Many Bitcoin startups have complained about the regulations that have already impacted the industry in various jurisdictions around the world, and New York’s BitLicense may be the best example of regulatory action that has not been well received by the digital currency community.
At the recent Blockchain Agenda Conference in San Diego, the panel on Bitcoin regulation made it clear that startups in this space need to get all of their ducks in a row before implementing a business plan in this highly-regulated industry.
Do Things Right from the Start
One of the key points that all panel members continually hit throughout the discussion on Bitcoin regulation is that startups need to do things right from the start, as to not give regulators a chance to shut down their businesses. Although many of the largest Bitcoin companies of today have decided to go the extra mile when it comes to compliance, this was definitely not the case in the early days of the industry.
Brian Klein, who provides legal counsel to a variety of Bitcoin and blockchain companies, discussed the point that startups need to be compliant with regulations early on in their existence during the panel discussion. He explained:
“I think very early on it’s important to consult with an attorney about your business model. Explain the business model to the attorney . . . This is an incredibly regulated space . . . It’s really important that you do the right thing from the get-go.”
Even the Smallest Bitcoin Startups Can Be Shut Down
Regulatory action against Bitcoin companies is also not theoretical. Although Silk Road and Mt. Gox seem to get most of the Bitcoin-related attention in the media, there are also small startups that have been crushed by regulation. Jason Seibert, who defended Trendon Shavers in the infamous case of Bitcoin Savings and Trust, described one such example during the regulation panel at Blockchain Agenda San Diego: Sand Hill Exchange.
Sand Hill Exchange is a fantasy stock market of sorts that allows users to compete with each other on their ability to pick winning startups before they go public. This was not necessarily a company built on top of the Bitcoin blockchain, but the startup did allow users to bet real money on startups via the digital currency. This addition of real money to the equation essentially turned the website into a pre-IPO stock exchange.
Seibert described the brilliance behind Sand Hill Exchange during the panel discussion:
”It’s a brilliant idea. You had a PhD; you had a master’s degree from MIT. These were smart people that went from the basement in their pajamas to live and running in mere hours, and that’s the entrepreneurial spirit — that’s a good spirit to have.”
Having said that, the SEC shut down the website for running an unauthorized exchange. At the time of receiving a cease-and-desist letter from the SEC, only $5,400 had been raised by the site. Seibert then discussed his reasoning for bringing up the story of Sand Hill Exchange:
”The point I want to make [with that story] is it doesn’t matter what the dollar amount is. It doesn’t matter if you just think, ‘Well, I’m small or it’s still too early. They’ll never know I’m here.’ . . . Within two days of a Financial Times blogger blogging about this pre-IPO program that had just been released, they got a cease and desist letter from the SEC.”

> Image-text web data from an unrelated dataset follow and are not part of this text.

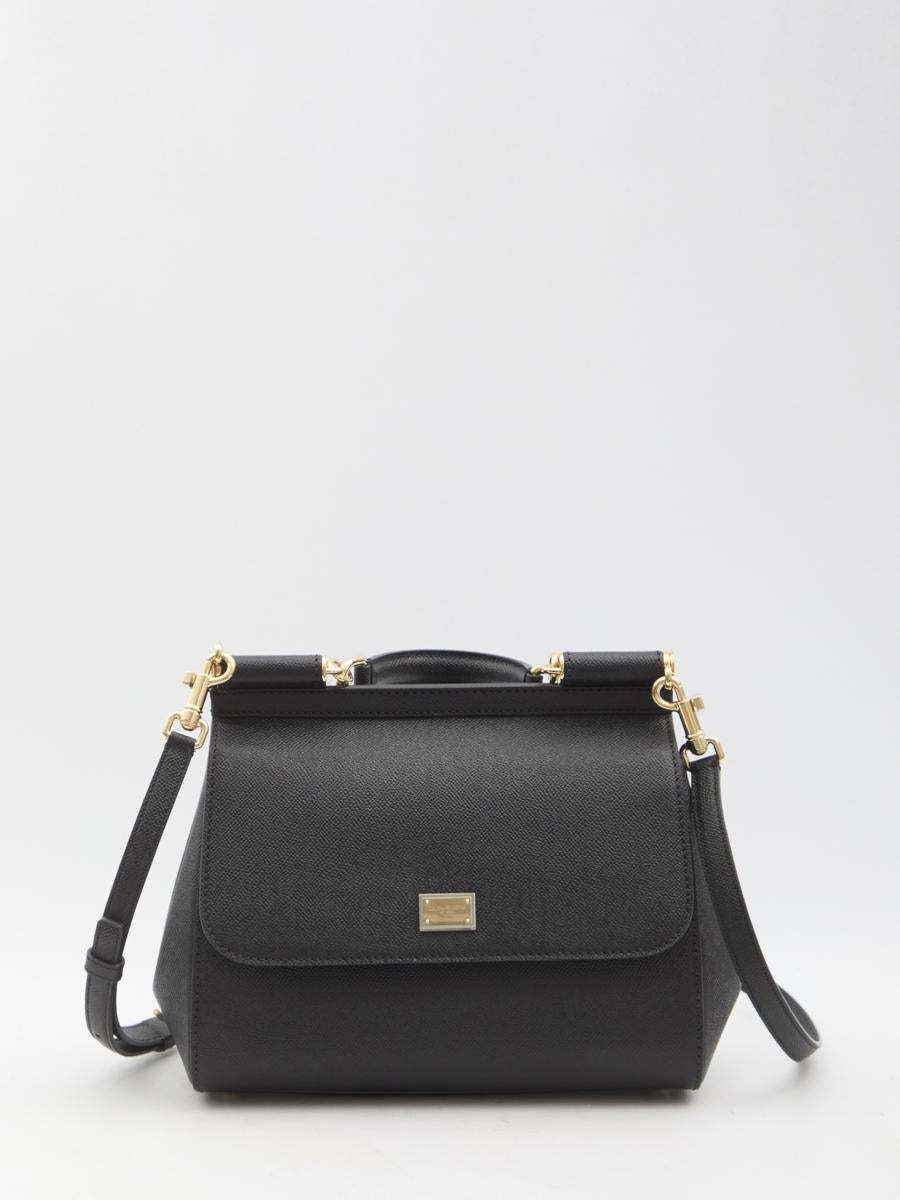 【関税＆送料込み】Dolce & Gabbana Large Sicily Bag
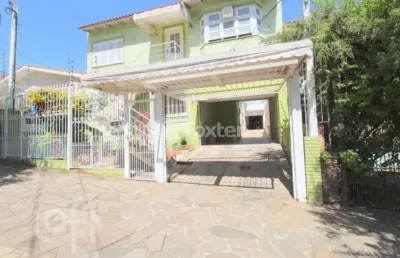 Casa com 8 quartos à venda na avenida assis chateaubriand, 100, são sebastião, porto alegre, 330 m2 por r$ 870.000
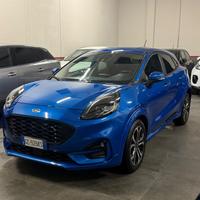 Ford Puma 1.0 EcoBoost Hybrid 155 CV S&S ST-Line X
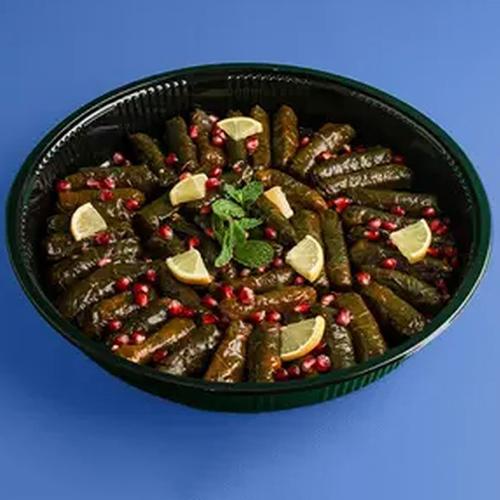 ورق عنب بالليمون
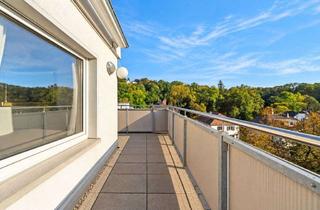 Penthouse kaufen in 65193 Sonnenberg, Kompakte Penthouse-Wohnung mit Terrasse und Weitblick in Wiesbaden-Sonnenberg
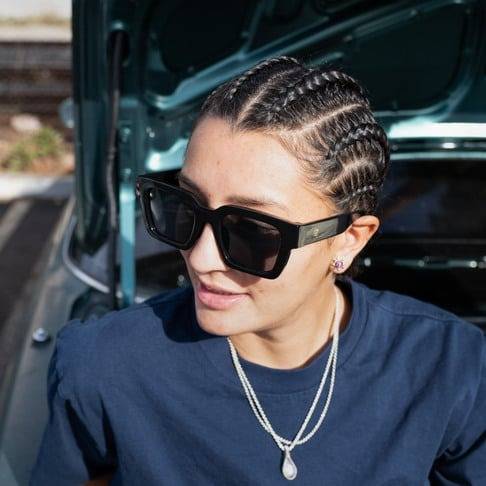 CHPO MAX SUNGLASSES 50MM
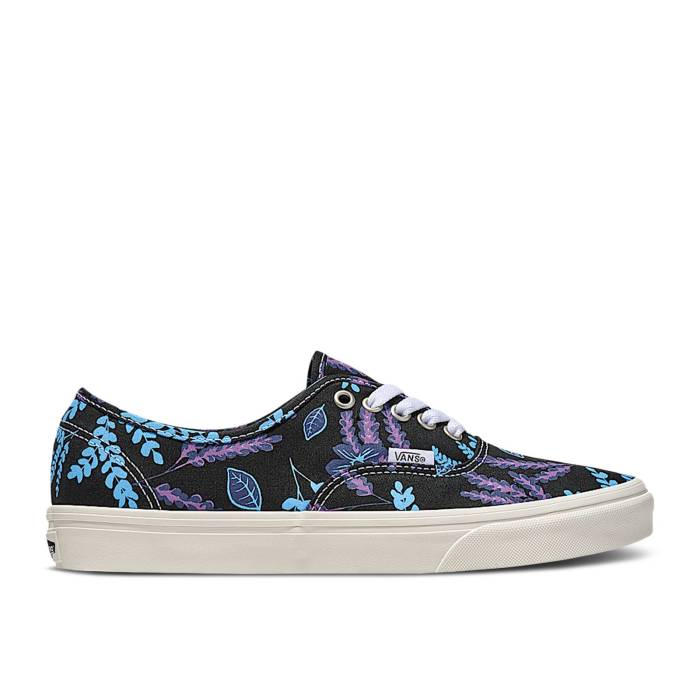 ヴァンズ Vans 【 Authentic 'Tropical Pack - Black Blue Purple' Men Tropical Black/Blue/Purple 】 オーセンティック 黒色 ブラック 青色 ブルー 靴 メンズ靴 その他 メンズ 黒色 ブラック 青色 ブルー Purple 紫・パ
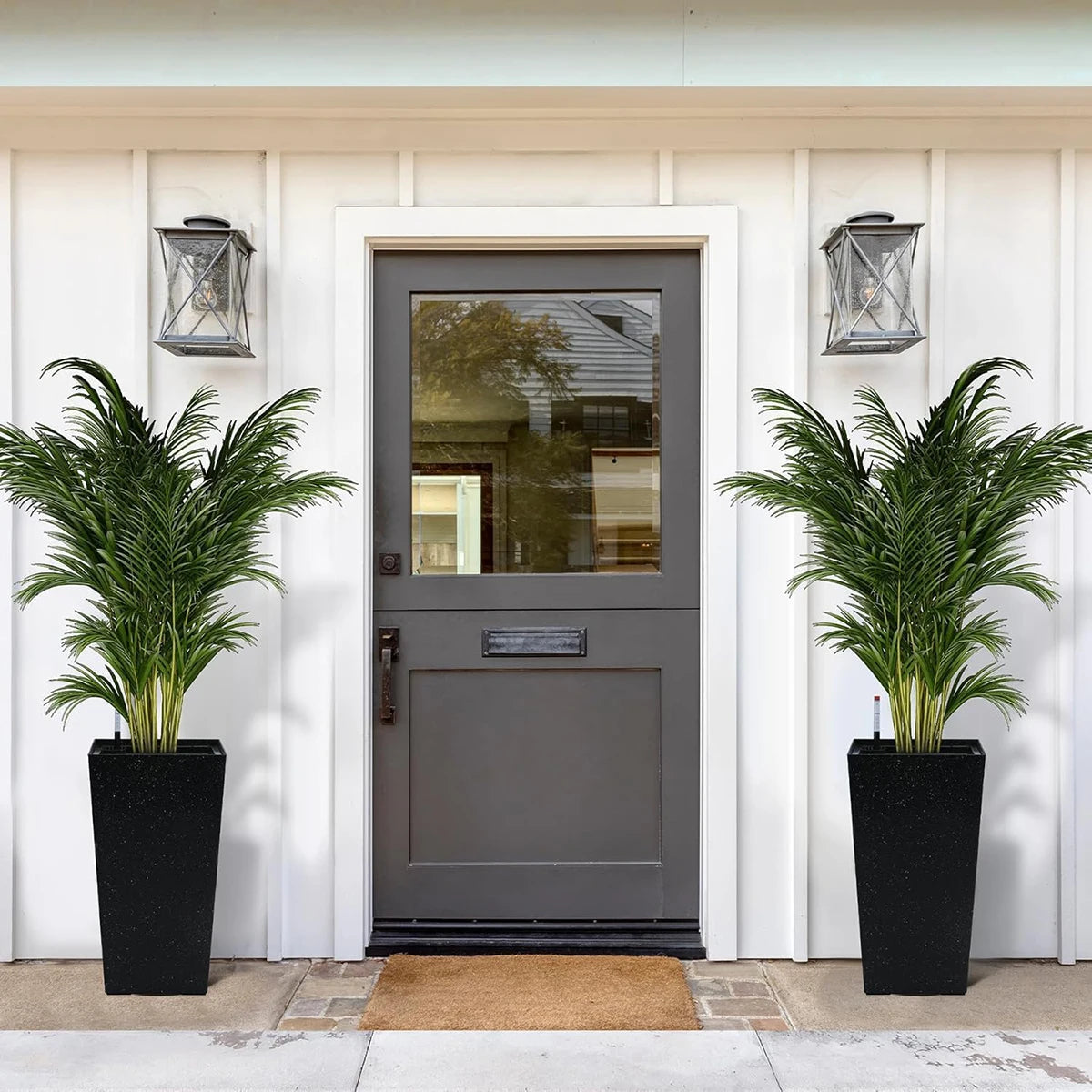 Rectangular Planters Set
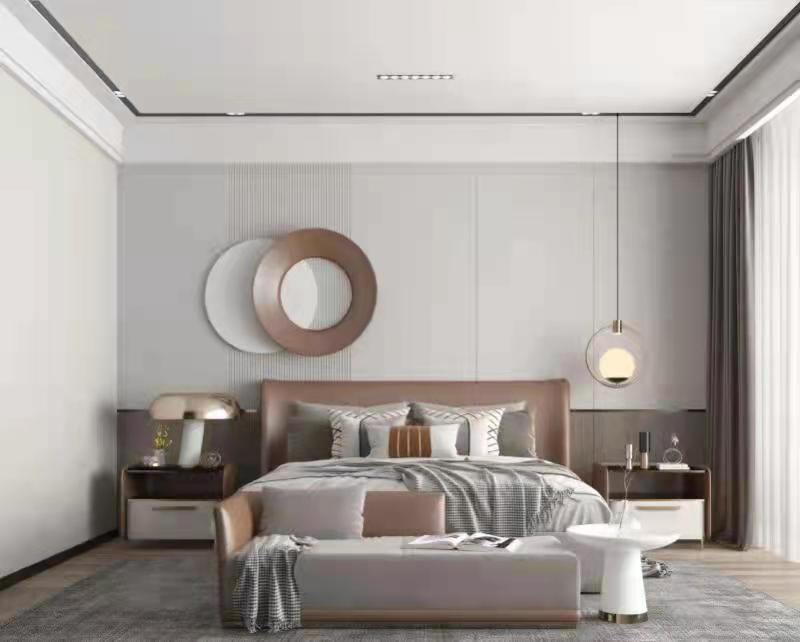 设计案例_罗兰假日酒店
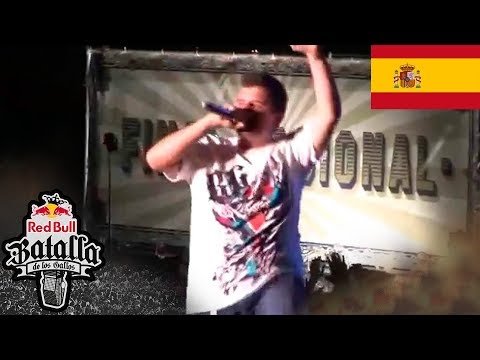 Blon vs Arkano (Semifinal)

Sand Hill Exchange were fined $20,000 by the SEC, and they are also banned from ever selling securities.
Slow Down and Hire a Consultant
Although it may not be a surprise to hear a panel of attorneys and legal experts claim that more Bitcoin startups should pay for legal counsel early on in the development of their business plans, it’s clear that many entrepreneurs have been burned in the past for not prioritizing regulatory compliance.
Before moving onto another topic of discussion, Jason Seibert offered some final words of advice for any future startup founders in the audience:
“If you just take a moment to slow down and, as Brian [Klein] said, talk with an attorney or some consultant right from the beginning, you can maybe get a path or a direction on how you can leverage your product the right way without being barred from entering the product into the market in the future.”